Dans cette nouvelle, un garçon, le narrateur, s’entretient avec une amie. Ils parlent de leurs vingt ans, de la façon dont ils ont fêté leur anniversaire, et la fille a une histoire tout à fait extraordinaire à raconter. Elle travaillait alors comme serveuse dans un restaurant italien chic de Roppongi, et elle n’avait pas pu ce jour là se libérer, d’ailleurs quand bien même se serait-elle libérée… elle n’aurait su quoi faire de ce temps. Au-dessus du restaurant, il y avait un hôtel et dans cet hôtel, une chambre, la 604, où vivait le propriétaire, que personne n’avait jamais vu, sauf le directeur du restaurant qui, chaque jour, à 20h précises, lui montait son repas. Seulement voilà, ce jour-là, le directeur eut un malaise et il fallut le transporter à l’hôpital. Avant de partir il demanda donc à la jeune fille exceptionnellement de monter le repas, et timidement, l’heure fatidique venue (on croirait vraiment un conte de fée), elle s’aventura à l’étage. Le propriétaire était un vieillard minuscule et très ridé qui n’avait pas l’habitude de rencontrer des jeunes filles. Lui demandant son âge, il apprend que c’est son anniversaire et aussitôt se propose de lui offrir un cadeau. Gênée, elle va pour refuser, mais il lui promet qu’il s’agit d’un cadeau immatériel, que, simplement il exaucera son souhait, si elle en a un à formuler. Je passe sur les détails. La fille fait un vœu. Le propriétaire lui dit qu’il est exaucé. Elle ne le reverra plus jamais. Dix ans plus tard, elle raconte cette histoire et le narrateur est surpris, il voudrait connaître la teneur du vœu, savoir si elle a regretté son vœu, s’il a bien été exaucé etc. seulement voilà, un vœu doit rester secret toute sa vie.

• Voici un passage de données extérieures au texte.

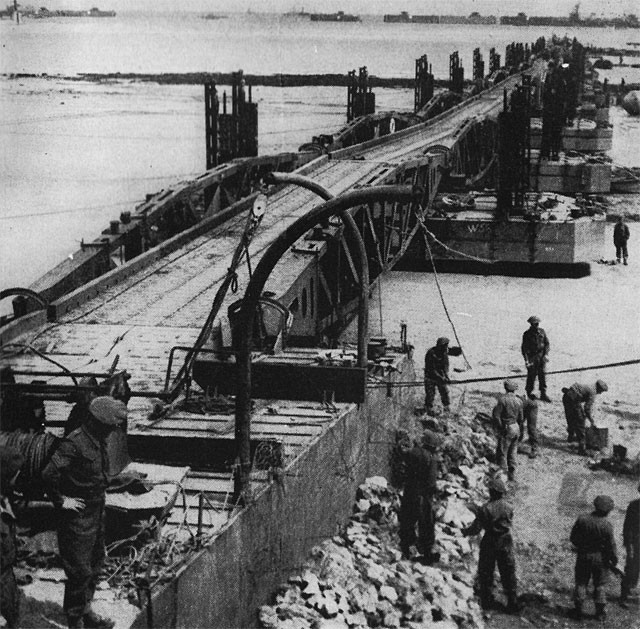Here are seen men of the Royal Engineers putting the finishing touches to the ramp on the Normandy end of the floating roadway. The job of assembling the harbor for U.S. supplies was done by the American Seabees.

Première étape du dénouement : elle a aujourd’hui une existence bien banale, mariée, trois enfants, voiture confortable… il n’y a donc rien eu d’extraordinaire, c’est que « dit-elle – doucement en se grattant le lobe de son oreille – un lobe à la très jolie forme – quoi qu’on puisse souhaiter, aussi loin qu’on puisse aller, on reste ce que l’on est ».
Mais ce n’est pas tout, deuxième temps du dénouement :
« Dis-moi. Si tu avais été à ma place, quel aurait été ton vœu ?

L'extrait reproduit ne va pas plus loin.